Known as the Breakthrough Starshot project, the plan is to use a giant laser situated on our planet to push a fleet of nano spacecraft to nearly the speed of light.

If successful, the iPhone-sized probes are estimated to cross the void within two decades - an incredible feat for interstellar travel. It will take four years for the data to be transmitted home.

The audacious project is truly exciting, but experts say it is not immune to potential issues.

Do They Have A Permit For Planetary Laser?

A 100-gigawatt laser on Earth is supposed to push the tiny Starshot probes to accelerate almost at the speed of light. However, such a laser would be powerful enough to destroy anything, frying orbital satellites in its wake.

Starshot project leader Pete Worden, director of NASA's Ames Research Center, said they won't fire when satellites are in the way.

"We anticipate that there would be international agreements in control of this," said Worden, believing that the world will take the Starshot project with a grain of salt.

Worden and his colleagues will work with countries to get the necessary permits.

Is It Really Cheaper?

Milner, whose first name is that of the first man in space, Yuri Gagarin, has already invested $100 million of his own money into the Starshot project.

In the space industry, this amount is only crumbs. NASA's New Horizons probe was built at $722 million, and was able to fly by Pluto, which is about three billion light years away.

Three billion light years is only 0.012 percent of the distance between Earth and Alpha Centauri, which is located 25 trillion light years away. It would cost seven times as much as Milner's pledged funding to actually reach the star system.

Milner is aware of this, but he hopes that his seed money can at least kick-start the project.

What Would Happen To Distress Signals From Far, Far Away?

The Starshot team hopes that about 1,000 mini-spacecraft will be launched in the next decade. However, one problem is that once these tiny probes leave the solar system, they will be on their own more than ever.

Communications between our planet and the Starshot probes cannot happen faster than the speed of light, and so if one of the probes faces trouble a light year into its space journey, then it will take about a year for its distress signal to reach Earth. It will then take another year before instructions from the Starshot mission control team to reach the tiny craft.

If this is the case, the probe would have either fixed itself or died completely.

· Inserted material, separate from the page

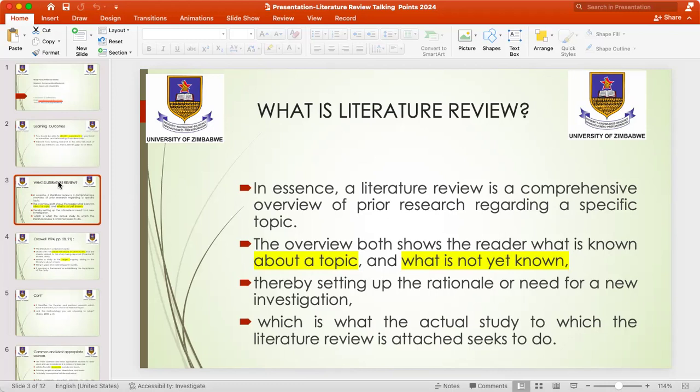Note what is not yet known concerning that particular issue. By doing this, you will be setting up the rationale or the need for a new investigation. If you cannot find a gap in what has been researched previously, there is likely no need for a new investigation. You cannot research on what has already been done unless you find key gaps, and this will help you in shaping what you actually want to study.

What Is The Team's Main Priority?

There is still no technology that could allow something as small as a postage stamp or an iPhone to transmit a signal across trillions of miles of interstellar space. This is one of the main priorities of the Starshot team.

But why is sending data so important? Bruce Betts of the Planetary Science said that without an effective way to send data home, the mission could end in failure.

"If you could fly to a forest, and you could see a tree fall, but you can't mention to anyone," added Betts, "did it really matter?"